O CPTA adopta um critério misto, combinando os diferentes critérios acima referidos. Na parte em que o art. 57º refere “a quem o provimento do processo impugnatório possa directamente prejudicar”, consagra nitidamente o critério dos efeitos da sentença. Mas, ao referir “que tenham legítimo interesse na manutenção do acto impugnado”, consagra também o critério do acto impugnado. Esta consagração possibilita o aumento dos possíveis contra-interessados, já que poderá ser classificado como tal qualquer sujeito que possua a mera titularidade de um legítimo interesse na manutenção do acto impugnado. Por fim, a teoria da posição substantiva do sujeito também é referida neste preceito, já que também engloba os “que possam ser identificados em função da relação material em causa ou dos documentos contidos no processo administrativo”.
         É o Prof. Paes Marques que mais se foca nesta matéria e critica esta solução mista apresentada pelo código. Propõe, assim, 3 requisitos se poder ser considerado contra-interessado:
   - Quem esteja claramente investido numa situação de vantagem atribuída directamente pela ordem jurídica (um direito subjectivo);
    - Quem detenha um interesse em colisão directa com o autor, de tal forma que a satisfação do interesse de um implica, necessariamente, a frustração do interesse do outro;
    - Que essa frustração ou satisfação decorresse de forma directa e imediata da sentença.[vii]
         À primeira vista poder-se-à pensar que a figura sobre a qual se incide o objecto de estudo é de pouca importância, face à mecânica processual do contencioso administrativo, o que não é o caso, bem pelo contrário, a mesma aparece determinante no desenvolvimento do processo. Por tudo o que aqui se referiu e explicou, podemos concluir que o interesse pessoal e directo do contra-interessado é razão suficiente para o legislador ter consagrado estas regras obrigatórias, sendo a figura do contra interessado valorizada com esta relação multilateral.

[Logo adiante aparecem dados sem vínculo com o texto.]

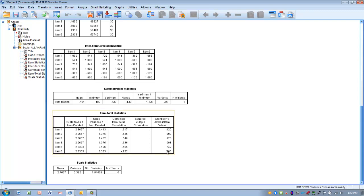If we remove those two items, we would have a reliable measurement tool. All items would measure the same construct. The tool would be smaller and more streamlined—only four items—but much more reliable.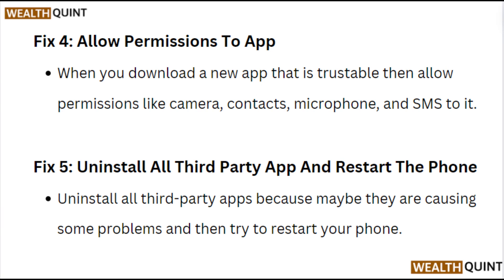Fix 5: Uninstall all third-party apps and restart the phone. Uninstall all third-party apps because they may be causing problems, then restart your phone.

 Catarina Enes de Oliveira   nº 22112




[i] Cfr. Otero, Paulo, Os contra-interessados em contencioso administrativo: fundamento, função e determinação do universo em recurso contencioso de acto final de procedimento concursal, p. 1076
[ii] Cfr. http://www.servulo.comconsultado a 21 de Outubro de 2014
[iii] Cfr Otero, Paulo, Os contra-interessados em contencioso administrativo: fundamento, função e determinação do universo em recurso contencioso de acto final de procedimento concursal, p. 1077
[iv] Neste sentido, Silva, Vasco Pereira da, O Contencioso Administrativo no Divã da Psicanálise, p.284 e 286
[v] Neste sentido, Almeida, Mário Aroso de, Manual de Processo Administrativo, p. 263
[vi] Neste sentido, Andrade, José Carlos Vieira de, A Justiça Administrativa (Lições), p.259
[vii] Neste sentido, Marques, Francisco Paes, A Efectividade da Tutela de Terceiros no Contencioso Administrativo, p.98- 102

Bibliografia:

- Almeida, Mário Aroso de, Manual de Processo Administrativo, Almedina, 2010;
- Andrade, José Carlos Vieira de, A Justiça Administrativa (Lições), 11ª Edição, Almedina, 2011;
- Marques, Francisco Paes, A Efectividade da Tutela de Terceiros no Contencioso Administrativo, Almedina, 2007;
-Otero, Paulo, Os contra-interessados em contencioso administrativo: fundamento, função e determinação do universo em recurso contencioso de acto final de procedimento concursal - Estudos em Homenagem ao Professor Rogério Soares, Coimbra Editora, 2002;
- Silva, Vasco Pereira daO Contencioso Administrativo no Divã da Psicanálise, 2ª edição, Almedina, 2009.